Coca-Cola is a major sponsor of the Olympics. Pascal Le Segretin/Getty Images Hide caption
Toggle caption Pascal Le Segretin/Getty Images
The soda giant's market capitalization fell by $4 billion after Portuguese soccer star Cristiano Ronaldo slid two Coca-Cola bottles off-camera during a 2021 press conference and held up a bottle of water to toast to his hundreds of millions of social media followers.
“Such is the power of sport,” public health advocates Trish Cotter and Sandra Marin wrote in an op-ed published this week in BMJ Global Health. They call on the International Olympic Committee to sever its financial ties to Coca-Cola and stop using its power to promote sugary drinks that are linked to a global rise in obesity, diabetes, heart disease and high blood pressure.
“Promoting unhealthy, sugary drinks in the interest of everyone's health is clearly out of place in sport,” wrote Cotter and Marin, who work for the nonprofit global health organization Vital Strategies. “Despite evidence of adverse health effects and contradicting the IOC's mission to champion the health of athletes, Coca-Cola remains a top Olympic sponsor.”

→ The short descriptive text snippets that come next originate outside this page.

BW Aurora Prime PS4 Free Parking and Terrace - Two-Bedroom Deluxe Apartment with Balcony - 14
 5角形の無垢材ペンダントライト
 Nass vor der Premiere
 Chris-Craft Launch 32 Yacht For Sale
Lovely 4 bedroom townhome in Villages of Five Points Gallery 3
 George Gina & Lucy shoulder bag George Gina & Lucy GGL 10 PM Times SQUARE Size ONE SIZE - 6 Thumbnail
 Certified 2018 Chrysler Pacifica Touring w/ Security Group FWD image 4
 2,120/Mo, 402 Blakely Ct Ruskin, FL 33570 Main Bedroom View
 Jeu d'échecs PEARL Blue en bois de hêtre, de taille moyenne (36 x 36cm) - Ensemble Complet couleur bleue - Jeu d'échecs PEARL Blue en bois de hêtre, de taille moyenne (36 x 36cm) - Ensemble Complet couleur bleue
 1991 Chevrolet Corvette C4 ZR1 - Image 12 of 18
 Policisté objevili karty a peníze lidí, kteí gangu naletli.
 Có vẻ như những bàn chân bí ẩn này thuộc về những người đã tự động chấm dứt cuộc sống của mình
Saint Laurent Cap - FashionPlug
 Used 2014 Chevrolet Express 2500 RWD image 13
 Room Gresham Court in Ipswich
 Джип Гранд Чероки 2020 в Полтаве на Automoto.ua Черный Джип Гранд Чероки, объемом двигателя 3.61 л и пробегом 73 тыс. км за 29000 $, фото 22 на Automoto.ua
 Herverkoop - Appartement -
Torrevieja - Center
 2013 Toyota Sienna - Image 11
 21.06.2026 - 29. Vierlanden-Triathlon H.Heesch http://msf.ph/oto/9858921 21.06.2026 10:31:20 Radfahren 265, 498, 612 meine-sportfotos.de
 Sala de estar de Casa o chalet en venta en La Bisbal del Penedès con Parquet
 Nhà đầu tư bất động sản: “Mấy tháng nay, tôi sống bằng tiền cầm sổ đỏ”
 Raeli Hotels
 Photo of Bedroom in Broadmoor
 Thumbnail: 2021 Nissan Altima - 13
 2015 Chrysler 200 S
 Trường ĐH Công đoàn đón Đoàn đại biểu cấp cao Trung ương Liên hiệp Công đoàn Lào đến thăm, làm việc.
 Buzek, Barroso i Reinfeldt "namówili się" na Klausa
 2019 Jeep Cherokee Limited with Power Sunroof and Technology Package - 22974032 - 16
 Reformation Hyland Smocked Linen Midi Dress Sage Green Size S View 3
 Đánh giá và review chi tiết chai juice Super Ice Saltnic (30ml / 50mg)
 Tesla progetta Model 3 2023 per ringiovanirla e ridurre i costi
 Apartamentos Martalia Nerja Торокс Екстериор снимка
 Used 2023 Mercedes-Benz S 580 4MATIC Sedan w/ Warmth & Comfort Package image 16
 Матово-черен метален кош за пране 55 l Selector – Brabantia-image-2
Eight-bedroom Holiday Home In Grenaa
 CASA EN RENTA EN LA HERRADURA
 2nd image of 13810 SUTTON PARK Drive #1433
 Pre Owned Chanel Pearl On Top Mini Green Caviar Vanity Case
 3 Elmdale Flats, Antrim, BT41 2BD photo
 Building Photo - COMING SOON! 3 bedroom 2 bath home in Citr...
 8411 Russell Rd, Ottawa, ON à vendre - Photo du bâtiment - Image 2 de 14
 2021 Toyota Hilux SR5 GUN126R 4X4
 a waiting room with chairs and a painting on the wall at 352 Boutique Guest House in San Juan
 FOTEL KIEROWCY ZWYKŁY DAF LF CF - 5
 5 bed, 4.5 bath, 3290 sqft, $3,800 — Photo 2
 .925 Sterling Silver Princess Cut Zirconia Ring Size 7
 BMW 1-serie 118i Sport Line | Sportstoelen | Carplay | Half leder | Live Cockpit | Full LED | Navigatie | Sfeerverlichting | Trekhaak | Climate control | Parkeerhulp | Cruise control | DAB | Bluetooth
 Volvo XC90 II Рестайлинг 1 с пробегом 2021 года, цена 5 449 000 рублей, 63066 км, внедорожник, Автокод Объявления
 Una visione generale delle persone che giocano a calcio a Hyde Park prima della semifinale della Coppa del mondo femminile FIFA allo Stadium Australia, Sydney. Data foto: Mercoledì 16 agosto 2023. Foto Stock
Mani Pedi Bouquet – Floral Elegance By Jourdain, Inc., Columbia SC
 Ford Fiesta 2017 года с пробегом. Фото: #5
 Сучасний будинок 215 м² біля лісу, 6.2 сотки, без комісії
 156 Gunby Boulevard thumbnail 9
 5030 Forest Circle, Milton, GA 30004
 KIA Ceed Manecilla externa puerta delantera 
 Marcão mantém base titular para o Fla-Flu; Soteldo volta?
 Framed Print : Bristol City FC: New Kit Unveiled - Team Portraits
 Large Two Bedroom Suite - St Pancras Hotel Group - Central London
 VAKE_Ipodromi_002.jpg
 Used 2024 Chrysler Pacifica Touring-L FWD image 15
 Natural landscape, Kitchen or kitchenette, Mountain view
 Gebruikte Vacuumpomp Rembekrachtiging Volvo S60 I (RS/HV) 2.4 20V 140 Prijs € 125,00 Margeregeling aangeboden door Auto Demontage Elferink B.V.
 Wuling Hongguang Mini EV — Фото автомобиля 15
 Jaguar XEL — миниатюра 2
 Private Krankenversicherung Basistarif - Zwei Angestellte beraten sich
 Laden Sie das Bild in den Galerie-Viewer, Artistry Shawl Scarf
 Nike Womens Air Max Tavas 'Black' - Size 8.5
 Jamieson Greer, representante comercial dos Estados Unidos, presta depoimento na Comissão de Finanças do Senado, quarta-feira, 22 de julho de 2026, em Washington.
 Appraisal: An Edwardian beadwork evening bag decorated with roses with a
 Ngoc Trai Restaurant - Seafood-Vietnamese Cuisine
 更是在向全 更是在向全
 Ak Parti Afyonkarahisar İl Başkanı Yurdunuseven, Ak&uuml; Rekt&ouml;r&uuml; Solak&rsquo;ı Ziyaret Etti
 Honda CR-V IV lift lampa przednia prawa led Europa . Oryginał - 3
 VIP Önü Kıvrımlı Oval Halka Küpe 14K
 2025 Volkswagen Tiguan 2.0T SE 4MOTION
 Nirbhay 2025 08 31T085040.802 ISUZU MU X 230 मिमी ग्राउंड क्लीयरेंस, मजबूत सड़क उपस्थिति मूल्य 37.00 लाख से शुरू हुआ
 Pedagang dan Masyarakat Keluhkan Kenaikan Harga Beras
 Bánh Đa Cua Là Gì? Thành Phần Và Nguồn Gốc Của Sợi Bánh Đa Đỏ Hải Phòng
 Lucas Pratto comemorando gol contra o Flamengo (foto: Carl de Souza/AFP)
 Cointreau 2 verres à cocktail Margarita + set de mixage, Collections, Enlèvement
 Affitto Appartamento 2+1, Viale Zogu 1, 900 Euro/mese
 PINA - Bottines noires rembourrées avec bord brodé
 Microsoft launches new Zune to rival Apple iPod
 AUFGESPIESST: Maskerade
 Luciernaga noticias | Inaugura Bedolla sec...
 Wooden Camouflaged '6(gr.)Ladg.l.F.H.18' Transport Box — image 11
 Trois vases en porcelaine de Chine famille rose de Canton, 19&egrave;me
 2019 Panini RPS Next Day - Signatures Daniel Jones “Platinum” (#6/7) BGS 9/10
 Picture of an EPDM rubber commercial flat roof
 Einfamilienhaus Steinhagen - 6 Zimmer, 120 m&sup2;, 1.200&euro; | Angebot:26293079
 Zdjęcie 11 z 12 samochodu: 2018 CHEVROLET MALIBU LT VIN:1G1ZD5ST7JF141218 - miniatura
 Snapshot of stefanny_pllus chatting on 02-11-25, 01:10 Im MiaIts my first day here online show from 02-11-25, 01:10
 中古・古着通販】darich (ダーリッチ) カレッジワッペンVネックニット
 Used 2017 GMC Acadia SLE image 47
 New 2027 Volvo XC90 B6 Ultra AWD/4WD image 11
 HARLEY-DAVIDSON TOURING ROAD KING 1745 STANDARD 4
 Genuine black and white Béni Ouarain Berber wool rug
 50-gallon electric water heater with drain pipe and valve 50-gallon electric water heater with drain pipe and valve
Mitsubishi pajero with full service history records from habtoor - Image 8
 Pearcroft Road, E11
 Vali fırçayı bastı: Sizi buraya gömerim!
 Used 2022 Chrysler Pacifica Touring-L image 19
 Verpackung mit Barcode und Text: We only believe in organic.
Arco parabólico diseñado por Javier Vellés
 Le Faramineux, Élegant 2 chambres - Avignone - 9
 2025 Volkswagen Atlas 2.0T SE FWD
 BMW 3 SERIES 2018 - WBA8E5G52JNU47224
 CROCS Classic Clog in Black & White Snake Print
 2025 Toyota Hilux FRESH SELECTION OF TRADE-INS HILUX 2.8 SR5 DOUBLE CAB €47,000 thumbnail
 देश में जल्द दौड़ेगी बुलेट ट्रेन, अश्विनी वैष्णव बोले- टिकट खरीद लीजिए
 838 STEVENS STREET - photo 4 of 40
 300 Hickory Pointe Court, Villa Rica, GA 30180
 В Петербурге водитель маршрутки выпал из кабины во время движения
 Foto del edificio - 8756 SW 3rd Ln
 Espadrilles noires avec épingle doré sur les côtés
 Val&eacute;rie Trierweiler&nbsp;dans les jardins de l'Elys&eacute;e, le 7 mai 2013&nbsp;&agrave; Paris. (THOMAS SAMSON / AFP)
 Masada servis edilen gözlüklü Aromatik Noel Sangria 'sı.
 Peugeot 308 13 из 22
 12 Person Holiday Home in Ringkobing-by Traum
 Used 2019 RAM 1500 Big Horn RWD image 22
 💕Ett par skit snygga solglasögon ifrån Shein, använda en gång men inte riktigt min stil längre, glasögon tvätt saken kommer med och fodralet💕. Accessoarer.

The editorial noted that Coca-Cola had more sponsorship deals in place than any other brand in 2023, including a multi-billion-dollar deal with the IOC.
The deal gives the soda maker an “unparalleled marketing opportunity” – its red logo will be emblazoned on the stadium's walls and broadcast around the world – and allows Coca-Cola to “exploit kids by pumping messages that exploit their emotional vulnerabilities into their digital worlds,” the editorial said.
In fact, this year's Summer Olympics garnered unprecedented viewership both broadcast and online, NBC reported, with more than 17 billion minutes of streaming video watched online, more than all previous Olympics combined.
The commentary echoes the “Kick Big Soda Out of Sport” campaign, which was launched a week before the opening of the 2024 Paris Olympics and is backed by 80 public health and sustainability organisations around the world, from the Mexican National Institute of Health to the Australian Public Health Association.
The campaign's video ad begins with a young man downing a Coke and spitting it out, and then says, “Big Soda, your sport-washing methods don't work on us.”
Like the BMJ editorial, the advert links soda to the twin epidemics of obesity and diabetes, criticises soda companies for depleting water resources and littering the oceans with plastic bottles, criticises the industry for opposing health legislation and claims soda makers are using sport “to deliberately target children”.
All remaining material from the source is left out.